The final stage, if the council accepts the bid, is a final contract.
The consortium was chosen by the council following a tender process which was opened in October, with the closing date pushed back after contractors asked for more time to submit proposals.
Other contract tenders for the stadium are for architecture, surveying, design verification, pre-construction project management, and demolition.
“We will create a stunning multi-use arena to fulfill an incredibly important role in our city,” Southbase chief executive Quin Henderson said.
“It will celebrate the spirit of Ōtautahi Christchurch and entice the world to experience the internationally renowned sporting, arts, and the cultural pride we have on offer.
Southbase is co-owned by Henderson alongside two prominent Christchurch investors and property developers, Philip Carter and Ben Gough.
Carter, a former city councillor, is head of property company Carter Group, while Gough heads Tailorspace and has been a major shareholder in the Gough Group companies.
Formed in 2013 as HCG Group, Southbase has built Carter’s The Crossing shopping centre, the city’s new bus interchange and Tūranga library, the Deloitte office building, and several schools.

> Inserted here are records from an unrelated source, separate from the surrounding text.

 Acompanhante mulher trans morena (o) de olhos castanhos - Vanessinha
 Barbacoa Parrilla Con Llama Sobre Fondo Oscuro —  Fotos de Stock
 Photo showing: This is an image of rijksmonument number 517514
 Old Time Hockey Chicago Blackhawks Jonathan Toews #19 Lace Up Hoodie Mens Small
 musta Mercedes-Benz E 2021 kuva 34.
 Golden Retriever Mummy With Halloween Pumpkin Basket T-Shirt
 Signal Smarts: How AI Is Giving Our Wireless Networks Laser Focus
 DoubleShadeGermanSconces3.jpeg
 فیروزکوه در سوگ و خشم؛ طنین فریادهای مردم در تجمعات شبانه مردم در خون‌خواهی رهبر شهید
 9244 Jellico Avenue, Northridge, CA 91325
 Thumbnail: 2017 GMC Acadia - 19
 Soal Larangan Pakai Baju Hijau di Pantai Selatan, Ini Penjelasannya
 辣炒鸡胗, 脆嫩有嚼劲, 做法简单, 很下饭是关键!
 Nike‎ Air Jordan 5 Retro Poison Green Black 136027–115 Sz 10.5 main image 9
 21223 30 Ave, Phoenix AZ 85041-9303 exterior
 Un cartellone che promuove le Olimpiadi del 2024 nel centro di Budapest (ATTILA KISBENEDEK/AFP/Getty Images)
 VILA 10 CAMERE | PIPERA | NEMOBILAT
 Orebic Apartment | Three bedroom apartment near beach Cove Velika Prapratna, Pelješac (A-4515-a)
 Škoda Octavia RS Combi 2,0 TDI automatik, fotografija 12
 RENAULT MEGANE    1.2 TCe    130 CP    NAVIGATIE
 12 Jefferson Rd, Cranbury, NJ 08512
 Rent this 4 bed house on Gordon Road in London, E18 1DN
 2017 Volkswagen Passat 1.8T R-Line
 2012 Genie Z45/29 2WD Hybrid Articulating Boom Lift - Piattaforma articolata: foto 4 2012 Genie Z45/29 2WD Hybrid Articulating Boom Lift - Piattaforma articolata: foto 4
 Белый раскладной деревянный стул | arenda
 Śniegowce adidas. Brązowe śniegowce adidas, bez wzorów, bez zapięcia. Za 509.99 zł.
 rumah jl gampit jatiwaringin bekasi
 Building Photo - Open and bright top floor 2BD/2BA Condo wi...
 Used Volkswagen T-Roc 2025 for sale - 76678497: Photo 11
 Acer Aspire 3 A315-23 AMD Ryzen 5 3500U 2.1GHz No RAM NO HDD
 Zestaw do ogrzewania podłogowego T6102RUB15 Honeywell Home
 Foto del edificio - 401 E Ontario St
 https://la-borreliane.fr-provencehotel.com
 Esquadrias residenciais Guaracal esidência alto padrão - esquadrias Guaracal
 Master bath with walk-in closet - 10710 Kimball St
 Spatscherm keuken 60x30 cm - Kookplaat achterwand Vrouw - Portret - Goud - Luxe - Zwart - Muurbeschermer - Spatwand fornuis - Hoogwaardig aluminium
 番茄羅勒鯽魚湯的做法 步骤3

Fulton Hogan is also based in Christchurch but was founded in Dunedin in the 1930s, and builds major infrastructure projects such as motorways and airports across New Zealand, Australia and Fiji.
It also produces and supplies construction materials such as concrete and asphalt.
Fulton Hogan construction manager Justin McDowell said the vision for the stadium was to “unite and ignite” the spirit of Christchurch.
The 2019 business case for the stadium forecast a $395.6m economic benefit from the stadium over 30 years, including $83.9m from tourism, $103.9m of extra consumer spending, and $53.9m in “civic pride”.
The Government has purchased all but one of the sites it needs for the stadium, and has begun the legal process to acquire the remaining NG building on Madras St, a move its owners are fighting.
Land Information New Zealand’s Crown has said the building needs to be bought “urgently” for the successful delivery of the stadium.
The business case for the stadium projected it could attract the following events in an average year:
- Three large concerts averaging 28,000 people.
- Three small concerts averaging 10,000 people.
- Six or seven Super Rugby games averaging 15,000 spectators.
- Four to five domestic rugby games averaging 7000 spectators.
- One All Blacks game with 25,000-30,000 spectators.
- A rugby league game bringing in 18,000 people.
- One soccer game bringing in 15,000 spectators.
- Three large scale exhibitions averaging 12,000 people.
- One other event bringing in 10,000 spectators.